Weekly rents across Australia’s capital cities rose by just 0.3% over the 12 months to the end of November.
It is the lowest growth rate on record.
According to the latest CoreLogic RP Data monthly rental review released today, combined rental rates across Australia’s capital cities rose to an average rate $483 per week, an increase of 0.2% from the beginning of the year and just 0.3% above the levels of a year earlier.
As the table below shows, the only cities to record an increase of at least 2% were Sydney and Melbourne. Rates fell over the year in Brisbane, Perth and Darwin, while the remaining capitals have seen rents rise by less than 1.5% over the year, according to the report.
Breaking the report down further, rents for houses rose by just 0.1% from a year earlier, outpaced by a still benign 1.7% lift rents for units.
As a result of house price growth outpacing increases in rents, gross rental yields for houses and units, at 3.4% and 4.3%, both hit record lows on a combined capitals basis.
According to CoreLogic RP Data research analyst Cameron Kusher, rental growth rates – already at record lows – could fall further in the months ahead.
“It is anticipated that the rate of rental growth will continue to slow over the coming months due to increased supply of housing and rental stock coupled with slower migration rates which has reduced rental demand,” said Kusher.

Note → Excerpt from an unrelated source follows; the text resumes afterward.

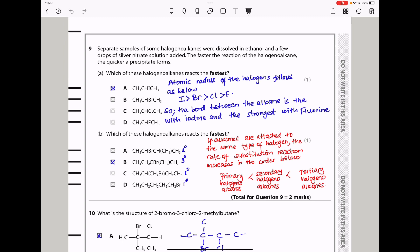Question 9a: Which of these halogenoalkanes reacts the fastest? One option has a carbon-iodide bond, which is the weakest bond and will break the fastest to release the iodide that reacts with silver nitrate to form a precipitate. The carbon-bromide bond is stronger, the carbon-chloride bond takes longer, and the carbon-fluoride bond takes the longest. So the answer is A, because the carbon-iodide bond is weakest and easiest to break.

“The construction boom across the capital cities, coupled with slowing population growth, low mortgage rates and the recent heightened level of activity from investors who add to the pool of rental stock are the major contributing factors to the slowing rental growth.”
Kusher suggests rental growth in Sydney and Melbourne, Australia’s largest and most expensive housing markets, are likely to remain under pressure given increased housing supply and influx of rental properties hitting the market.
“Sydney and Melbourne, which have seen the largest ramp up in new housing supply and investor activity over recent year, continued to record rental rises over the past year however, each city is seeing a slowing in the pace of rental growth relative to 12 months ago. It is clear that the increase in investment stock continues to provide landlords with little scope to lift rental rates while the low mortgage rate environment provides little incentive to push yields higher.”
Kusher suggests that with rental growth likely to remain under pressure, it points to the likelihood that capital growth, rather than yields, are going to become an increasingly important factor from an investment return perspective.
Given the breakneck rally seen in housing prices over the past five years, particularly in Sydney and Melbourne, along with recent signs that house prices are starting to soften, that’s anything but guaranteed.
With rental yields and record lows and housing prices near record highs, it’s little wonder than sentiment towards the housing market appears to be turning.